──────── DATA FOR THIS TASK ────────

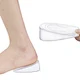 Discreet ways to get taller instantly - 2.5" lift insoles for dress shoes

────────
──────── DATA FOR THIS TASK ────────

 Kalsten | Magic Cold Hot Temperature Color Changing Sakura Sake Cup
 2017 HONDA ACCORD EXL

────────
──────── DATA FOR THIS TASK ────────

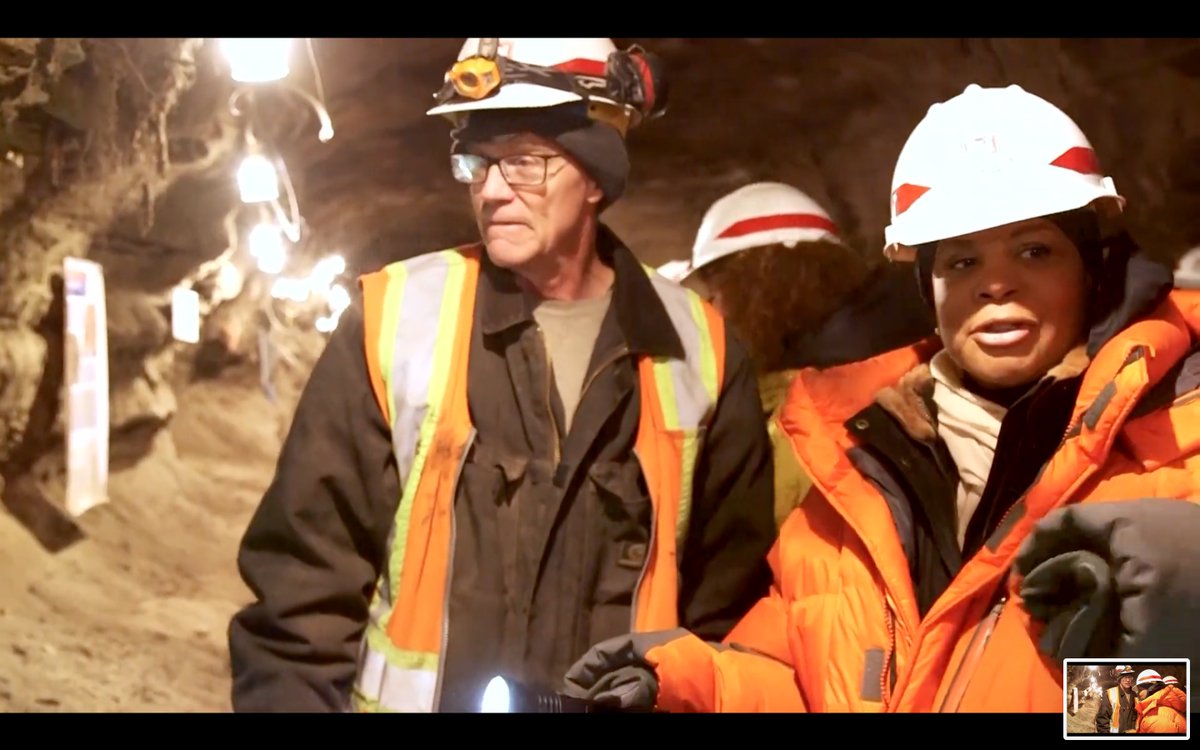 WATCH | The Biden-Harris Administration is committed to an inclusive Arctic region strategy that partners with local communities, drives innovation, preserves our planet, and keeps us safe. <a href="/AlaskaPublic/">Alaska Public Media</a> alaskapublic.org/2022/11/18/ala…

────────

Going back over the entries above, copy word for word every line from the one that has "Kalsten | Magic" on through the one that has "2017 HONDA ACCORD EXL".

 Kalsten | Magic Cold Hot Temperature Color Changing Sakura Sake Cup
 2017 HONDA ACCORD EXL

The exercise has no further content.